Reply to comment by Zeratas in GPU comparisons: RTX 6000 ADA vs Hopper h100 by N3urAlgorithm

Yes due to the fact I'm going to use it for work, it'll be ok to build a server option

artsybashev t1_j8e2dmj wrote on February 13, 2023 at 5:00 PM

I understand that you have given up hope for Cloud. Just so you understand the options, $50k gives you about 1000 days of 4x A100 from vast.ai with todays pricing. Since in 3 years there is going to be at least one new generation, you will probably get more like 6 years of 4x A100 or one year of 4x A100 + 1 year of 4x H100. Keeping your rig at 100% utilization for 3 years might be hard if you plan to have holidays.

Appropriate_Ant_4629 t1_j8h5l44 wrote on February 14, 2023 at 7:09 AM

> Keeping your rig at 100% utilization for 3 years might be hard if you plan to have holidays.

With his ask, he probably has jobs big enough they'll run through the holidays.

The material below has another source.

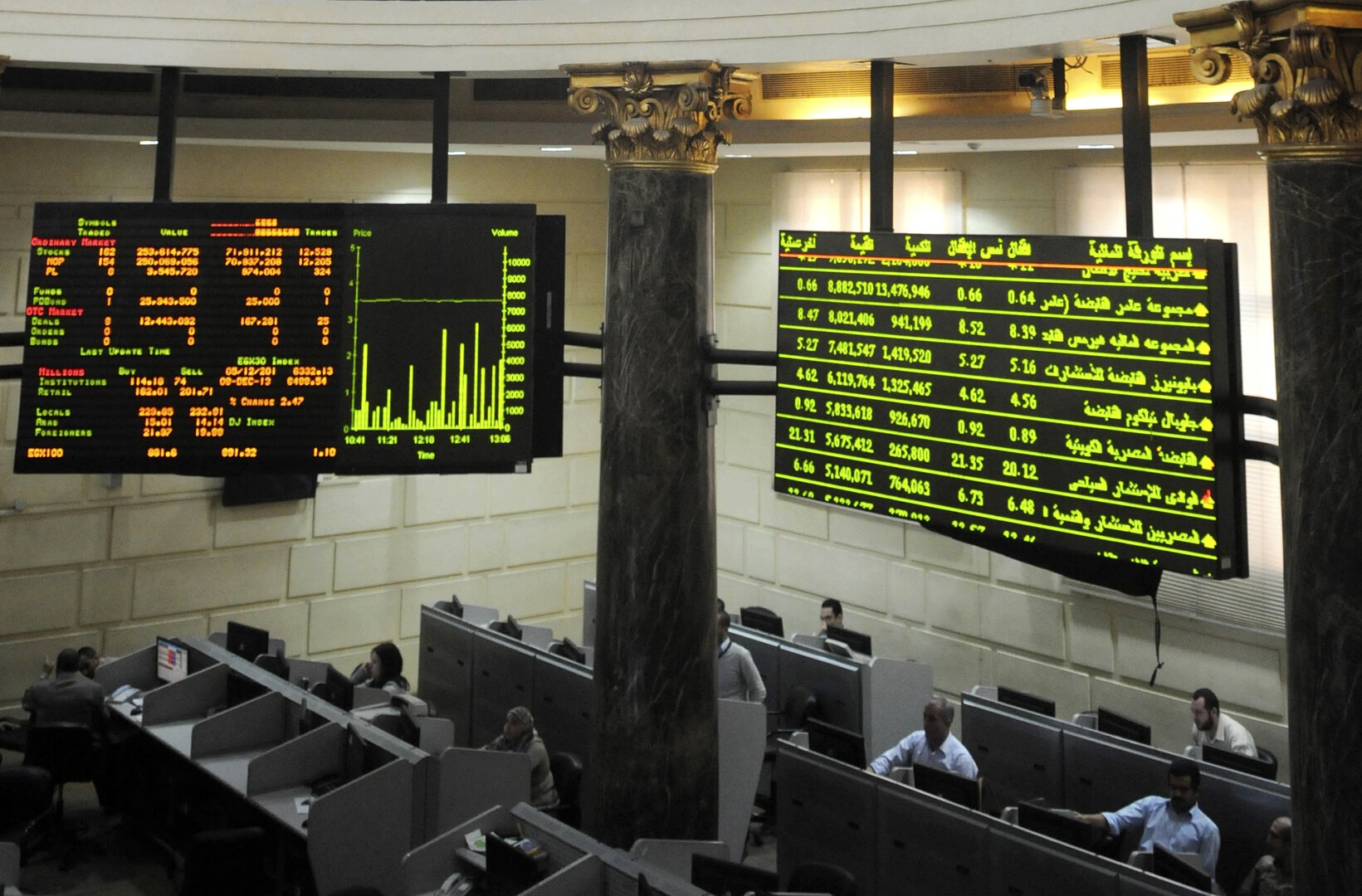 تباين البورصة المصرية.. هبوط المؤشر الرئيسي وخسائر 9 مليارات جنيه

artsybashev t1_j8i33cp wrote on February 14, 2023 at 1:58 PM

Yeah might be. I've only seen companies do machine learning in two ways. On is to rent a cluster of gpus and train something big for a week or two to explore something interesting. The other use pattern is to retrain a model every week with fresh data. Maybe this is the case for OP. Retraining a model each week and serving that model with some cloud platform. It makes sense to build a dedicated instance for a reoccuring tasks if you know that there is a need for it for more than a year. I guess it is also cheaper than using the upfront payment option in aws.